%%

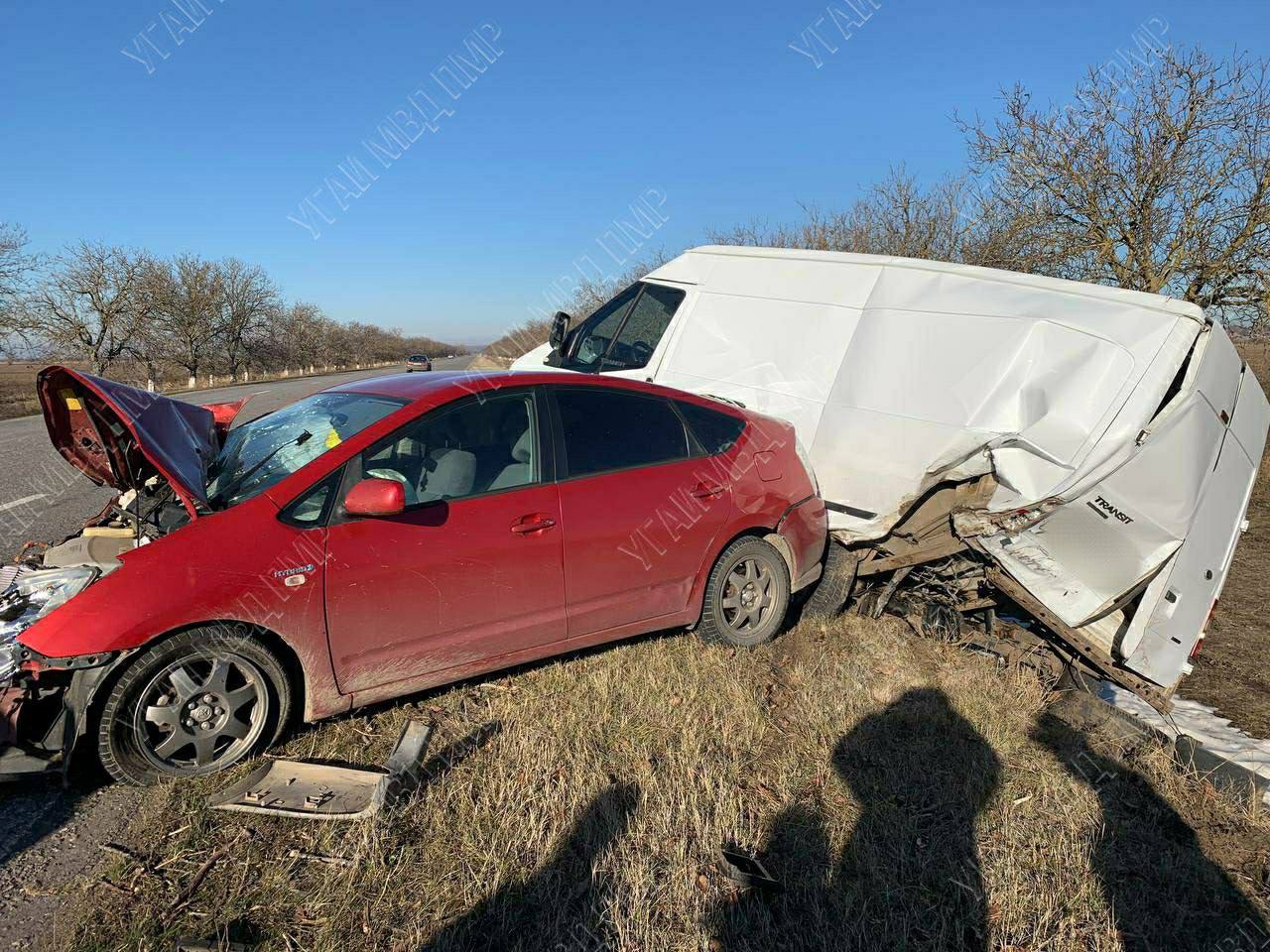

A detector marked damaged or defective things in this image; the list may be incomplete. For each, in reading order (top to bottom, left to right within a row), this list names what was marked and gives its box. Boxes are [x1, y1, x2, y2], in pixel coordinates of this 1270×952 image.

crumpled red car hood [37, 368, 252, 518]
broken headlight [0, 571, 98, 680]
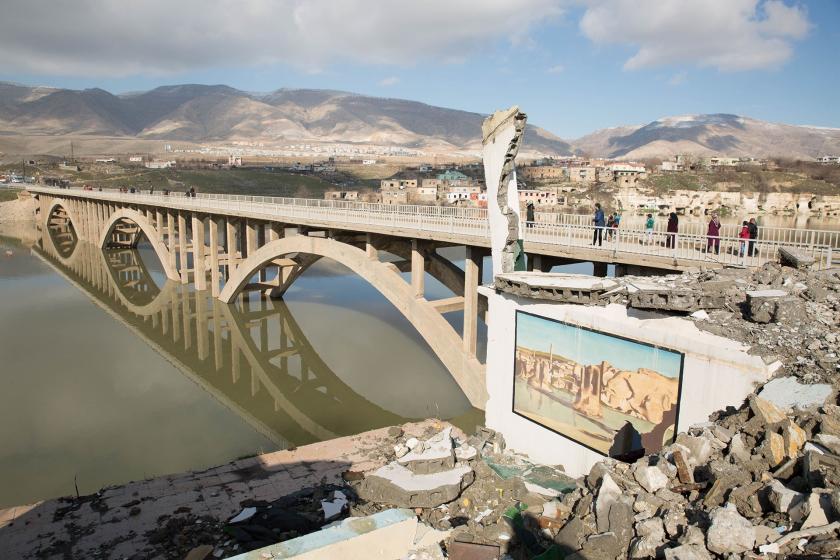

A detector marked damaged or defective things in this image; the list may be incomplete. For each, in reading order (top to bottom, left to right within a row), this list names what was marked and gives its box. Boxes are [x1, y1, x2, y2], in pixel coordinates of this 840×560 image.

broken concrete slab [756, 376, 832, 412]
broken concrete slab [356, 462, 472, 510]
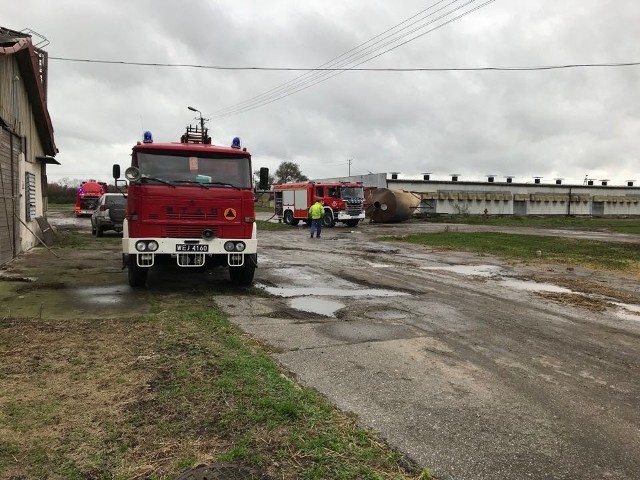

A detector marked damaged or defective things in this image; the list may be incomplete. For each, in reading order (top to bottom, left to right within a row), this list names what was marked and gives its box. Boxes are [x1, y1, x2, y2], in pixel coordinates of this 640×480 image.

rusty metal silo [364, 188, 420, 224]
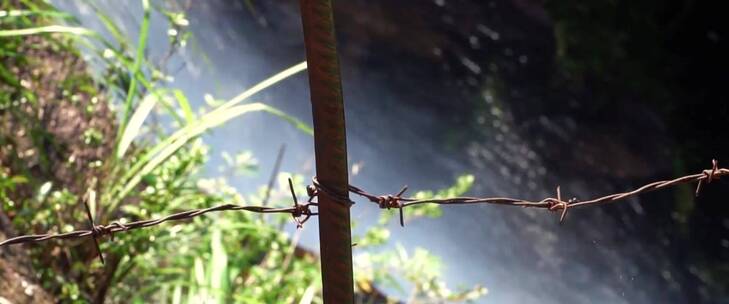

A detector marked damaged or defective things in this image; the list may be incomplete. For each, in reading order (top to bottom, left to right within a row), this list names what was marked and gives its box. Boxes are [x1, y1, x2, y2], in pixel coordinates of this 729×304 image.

%%

- [Activity] Output the records above unchanged, minus their pictures.

- [Answer box]
A detector marked damaged or defective things in this image; the list may be incomplete. For each, in reading order (top to bottom, left to right within a row), this list names what was marked and gives its box. Boxes are [x1, y1, x2, y2], in pixel coordinates of this 1270×952 image.

crumpled red car hood [37, 368, 252, 518]
broken headlight [0, 571, 98, 680]

A detector marked damaged or defective things in this image; the list may be incomplete. For each, in reading order (top to bottom, left to right within a row), this list names what was marked and gives its box. Boxes are [x1, y1, x2, y2], in pixel coordinates of this 840×560 image.

broken concrete slab [756, 376, 832, 412]
broken concrete slab [356, 462, 472, 510]

A detector marked damaged or defective things in this image; the list may be incomplete. For each, in reading order (top to bottom, left to right within a row), this list names what was marked and gives its box. Boxes are [x1, y1, x2, y2], in pixel coordinates of this 640×480 image.

rusty metal silo [364, 188, 420, 224]

A detector marked damaged or defective things in this image; the list may be incomplete. For each, in reading order (top to bottom, left to right within a row), this list names what was marked and gives its box. Boxes are [x1, y1, x2, y2], in pixel coordinates of this 729×304 image.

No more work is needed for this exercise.